Saved entries:
[Start of Attachment]

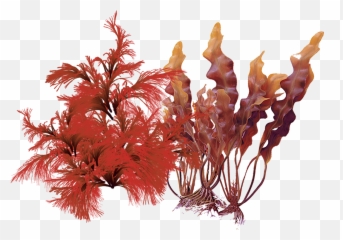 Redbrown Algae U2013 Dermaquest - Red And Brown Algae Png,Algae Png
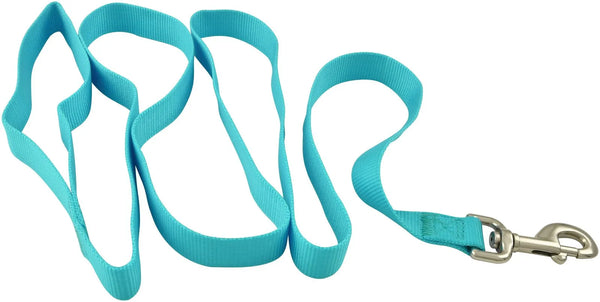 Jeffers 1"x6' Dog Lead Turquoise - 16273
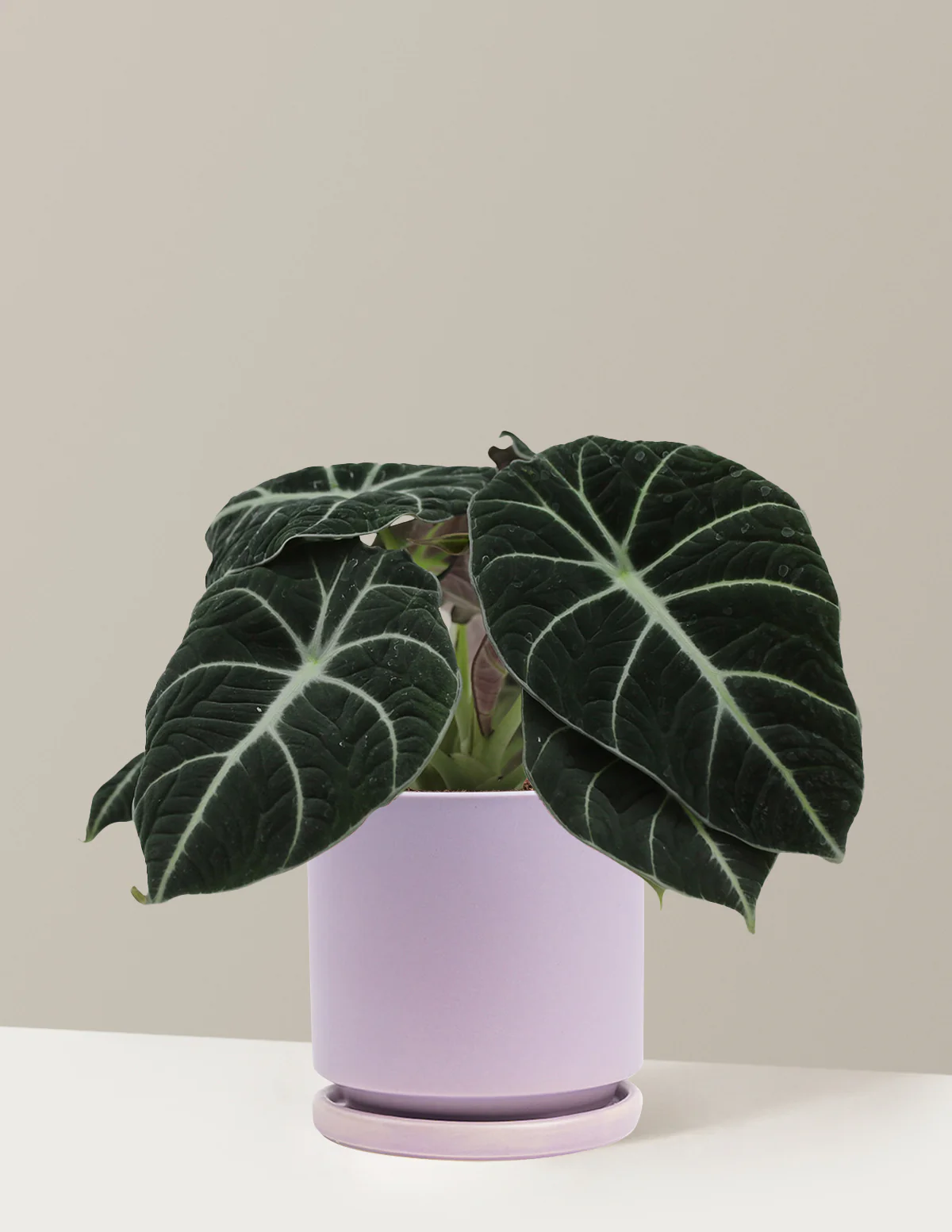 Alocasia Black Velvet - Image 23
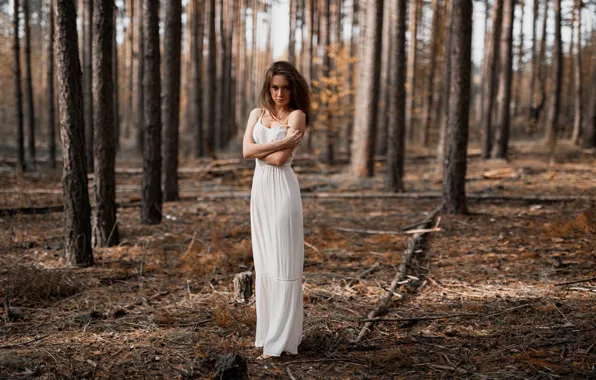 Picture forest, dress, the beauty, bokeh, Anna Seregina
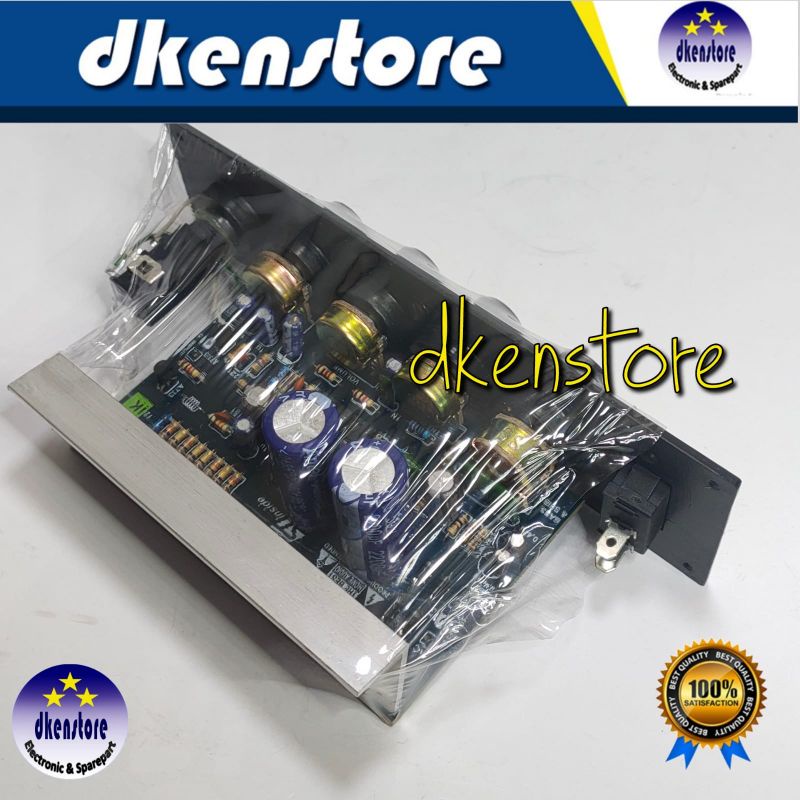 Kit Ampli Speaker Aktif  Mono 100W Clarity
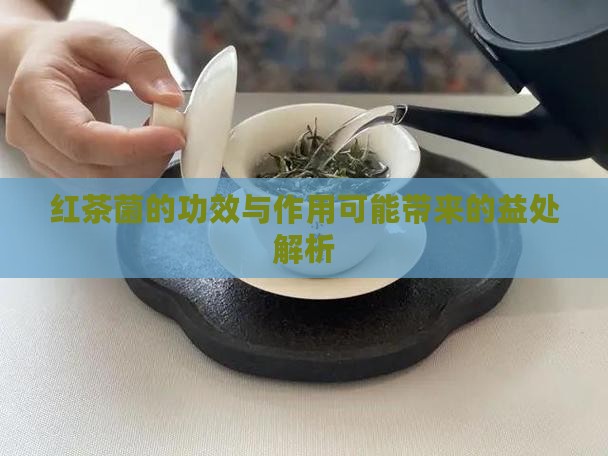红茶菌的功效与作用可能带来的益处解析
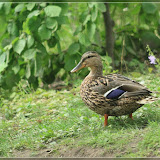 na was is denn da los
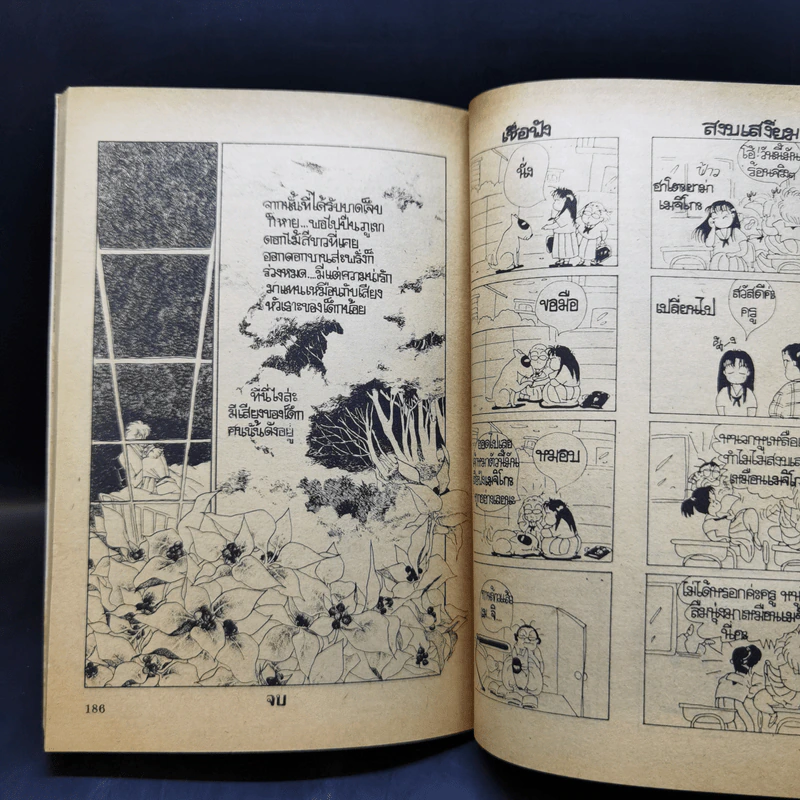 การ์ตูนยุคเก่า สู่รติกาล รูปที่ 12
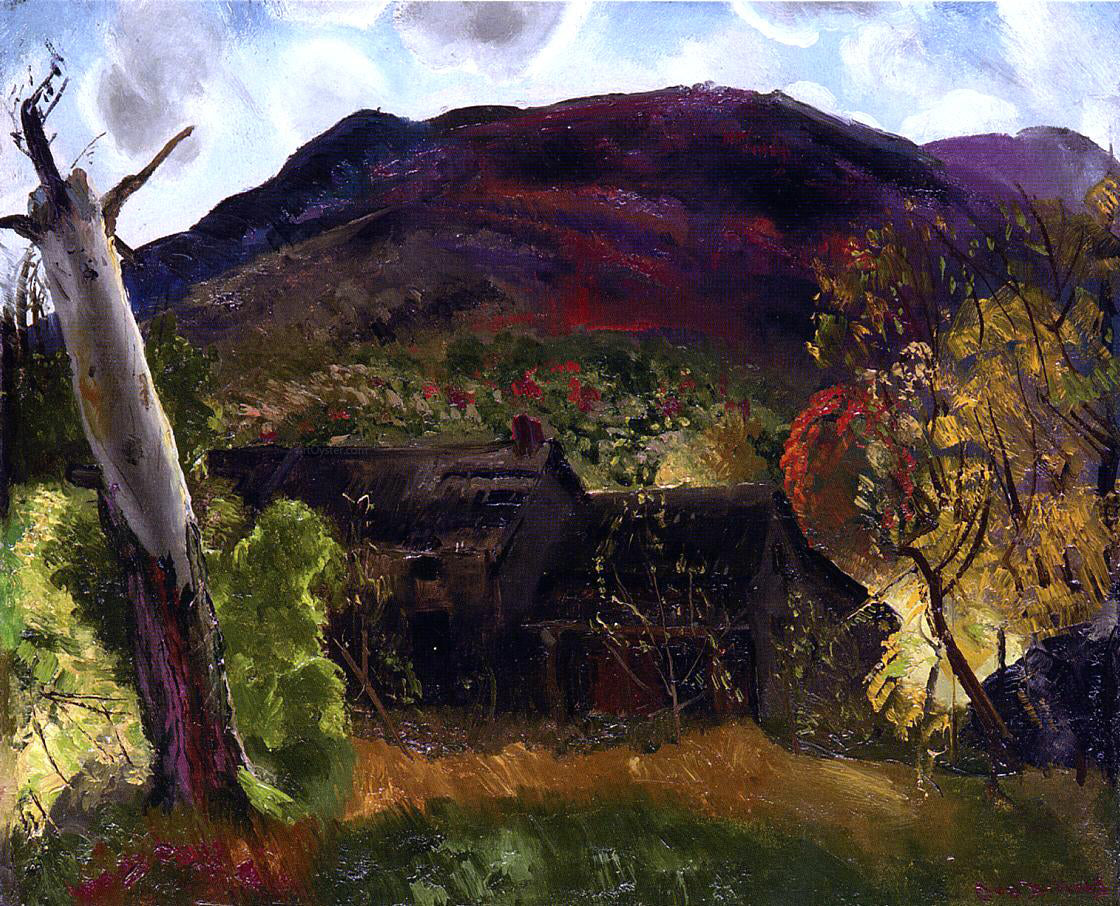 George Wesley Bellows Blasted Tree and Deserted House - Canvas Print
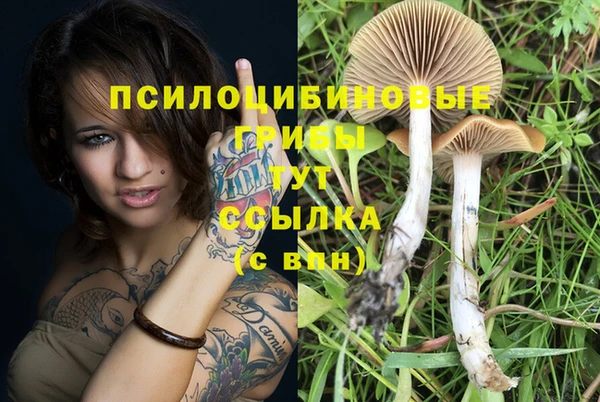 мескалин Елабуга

[End of Attachment]

Task instructions -> Reproduce the span beginning at the line with "na was is denn da los" and ending at the last line of the entries above, inclusive, exactly as it stands. Exclude the pictures.

Response ->
 na was is denn da los
 การ์ตูนยุคเก่า สู่รติกาล รูปที่ 12
 George Wesley Bellows Blasted Tree and Deserted House - Canvas Print
 мескалин Елабуга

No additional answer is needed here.